Segment Start: STORED DATA
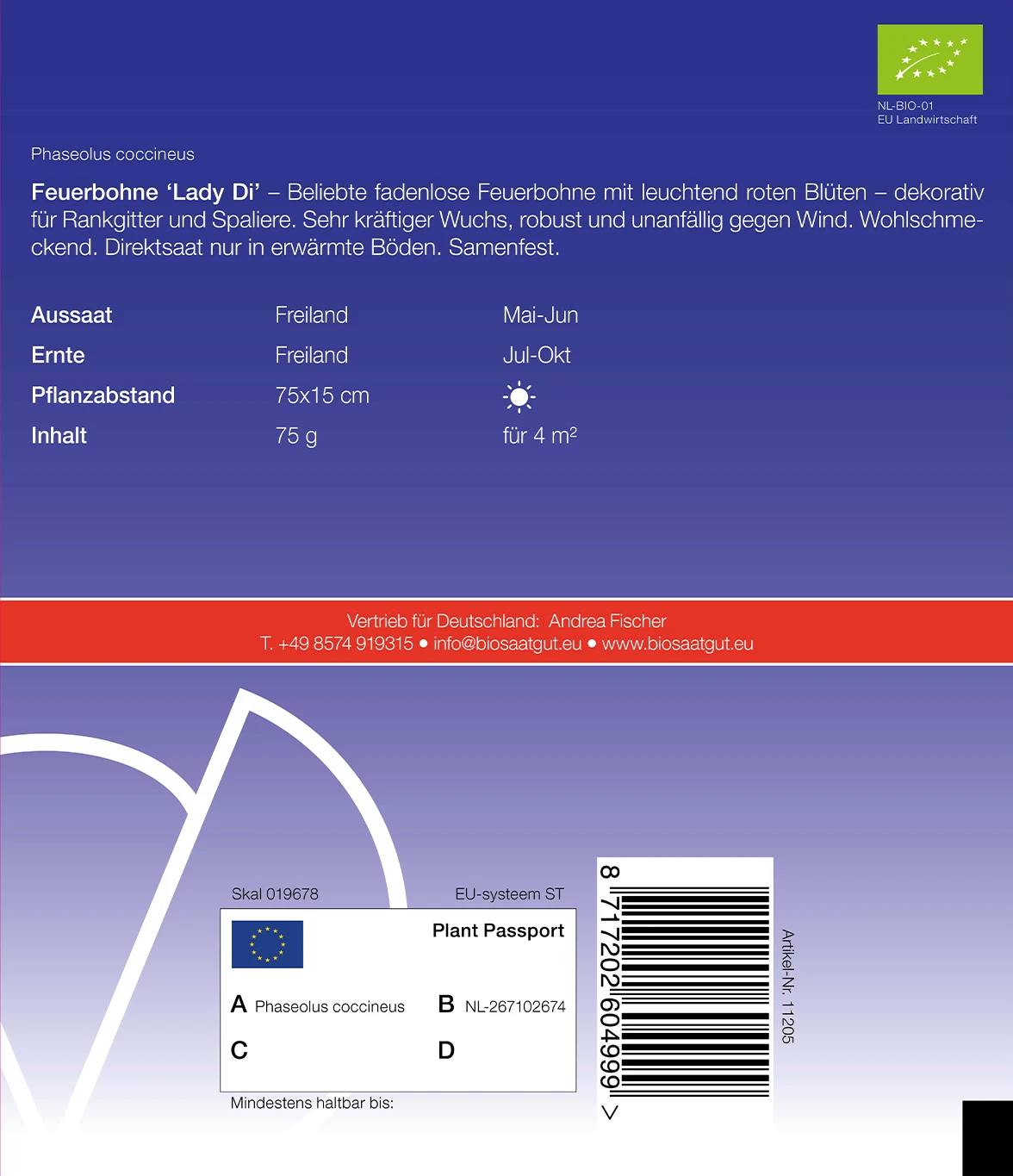Feuerbohne Lady Di | BIO Bohnensamen Von De Bolster 1 Feuerbohne Lady Di | BIO Bohnensamen Von De Bolster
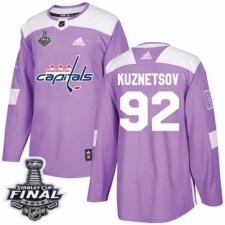 Men's Adidas Washington Capitals #92 Evgeny Kuznetsov Authentic Purple Fights Cancer Practice 2018 Stanley Cup Final NHL Jersey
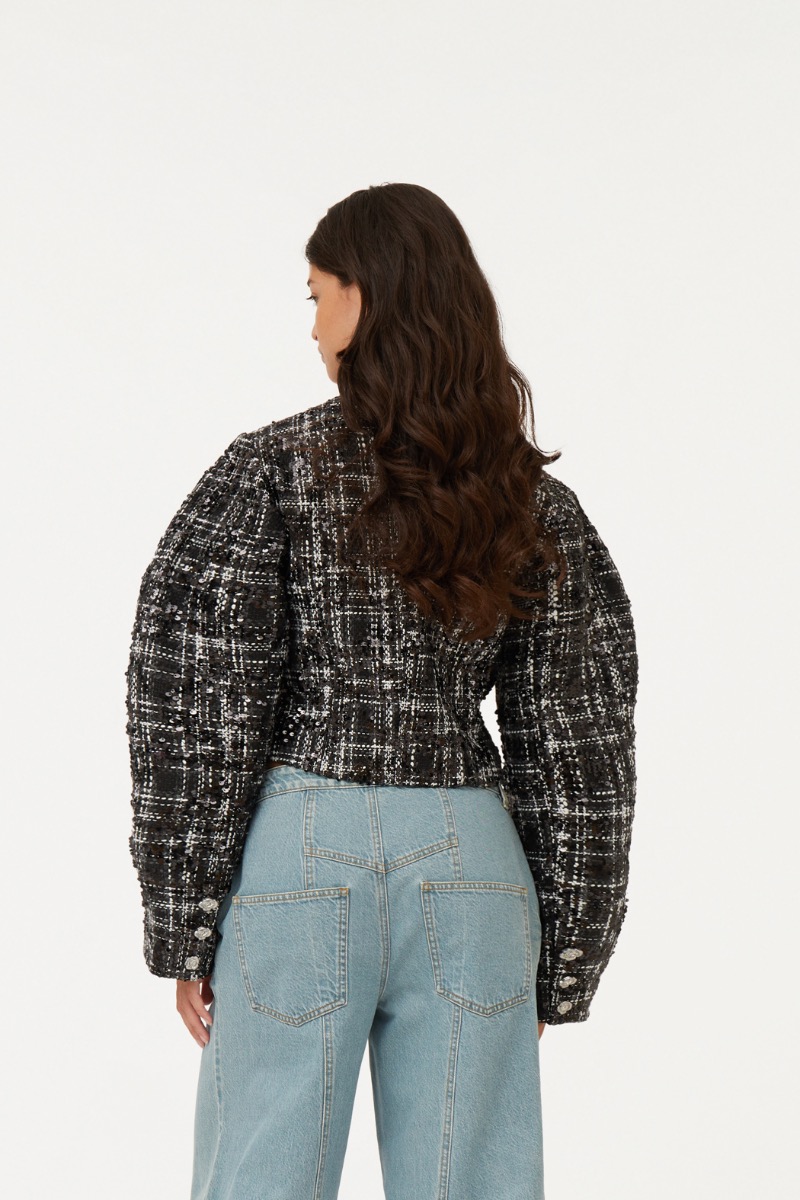 Boucle Jacket Black Print - ROTATE Birger Christensen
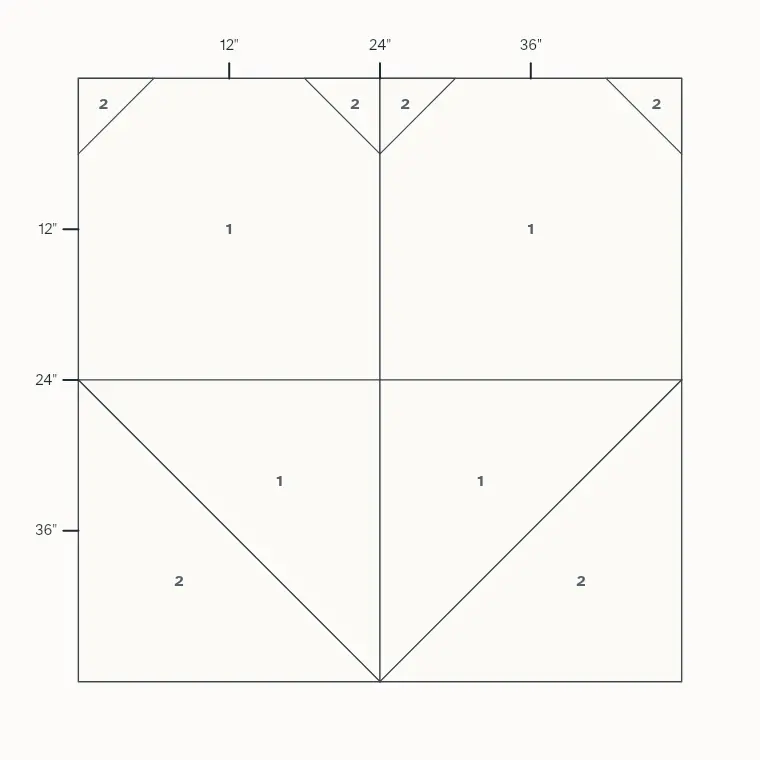 Heart barn quilt layout on a 4 by 4 foot board with measurements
Segment End: STORED DATA
■ TO DO
Leaving the pictures out, copy exactly the lines from the line that contains "Boucle Jacket Black" to the last line of the data, both ends included.

■ WORKED SOLUTION
 Boucle Jacket Black Print - ROTATE Birger Christensen
 Heart barn quilt layout on a 4 by 4 foot board with measurements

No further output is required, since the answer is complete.